What you need to do. Check each line of the entries below for the word "Reviews", then report how many have it, with no other words.

Task data.
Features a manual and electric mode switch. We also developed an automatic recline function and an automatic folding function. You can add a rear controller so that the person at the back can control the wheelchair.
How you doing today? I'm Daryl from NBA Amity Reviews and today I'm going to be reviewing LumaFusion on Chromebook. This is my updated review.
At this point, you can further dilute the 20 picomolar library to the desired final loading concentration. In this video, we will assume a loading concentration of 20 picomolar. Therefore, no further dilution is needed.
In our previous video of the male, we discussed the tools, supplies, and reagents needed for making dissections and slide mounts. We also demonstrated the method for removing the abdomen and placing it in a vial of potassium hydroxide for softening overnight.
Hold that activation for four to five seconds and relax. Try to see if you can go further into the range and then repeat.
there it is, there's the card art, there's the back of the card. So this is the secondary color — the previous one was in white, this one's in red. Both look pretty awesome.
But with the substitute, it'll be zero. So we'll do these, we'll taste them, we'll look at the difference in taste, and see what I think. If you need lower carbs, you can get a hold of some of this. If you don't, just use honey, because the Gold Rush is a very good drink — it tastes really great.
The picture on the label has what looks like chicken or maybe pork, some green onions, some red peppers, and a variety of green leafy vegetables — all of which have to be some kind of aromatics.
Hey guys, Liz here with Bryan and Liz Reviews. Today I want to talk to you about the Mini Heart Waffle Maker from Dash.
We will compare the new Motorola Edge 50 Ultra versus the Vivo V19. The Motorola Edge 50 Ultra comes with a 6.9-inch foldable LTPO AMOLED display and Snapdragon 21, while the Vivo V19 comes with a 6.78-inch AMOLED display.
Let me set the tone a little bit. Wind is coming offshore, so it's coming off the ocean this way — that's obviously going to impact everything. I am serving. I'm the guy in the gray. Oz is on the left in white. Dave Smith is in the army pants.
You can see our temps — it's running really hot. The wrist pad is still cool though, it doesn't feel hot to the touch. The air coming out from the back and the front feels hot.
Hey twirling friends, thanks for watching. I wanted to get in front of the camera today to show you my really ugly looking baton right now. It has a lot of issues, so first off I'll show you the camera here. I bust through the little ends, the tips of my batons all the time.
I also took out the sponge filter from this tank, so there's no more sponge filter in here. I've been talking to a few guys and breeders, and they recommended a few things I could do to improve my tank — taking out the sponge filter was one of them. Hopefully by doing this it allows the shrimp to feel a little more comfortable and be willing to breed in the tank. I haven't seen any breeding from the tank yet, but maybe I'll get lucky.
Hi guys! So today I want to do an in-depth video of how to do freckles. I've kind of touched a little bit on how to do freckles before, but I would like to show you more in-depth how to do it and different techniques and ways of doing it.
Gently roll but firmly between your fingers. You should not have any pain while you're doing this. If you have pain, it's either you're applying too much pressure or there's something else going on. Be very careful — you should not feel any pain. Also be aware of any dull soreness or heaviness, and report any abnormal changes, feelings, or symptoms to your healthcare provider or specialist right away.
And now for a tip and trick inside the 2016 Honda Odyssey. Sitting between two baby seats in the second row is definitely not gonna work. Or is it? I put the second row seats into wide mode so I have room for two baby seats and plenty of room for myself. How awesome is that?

Result for this exercise. 2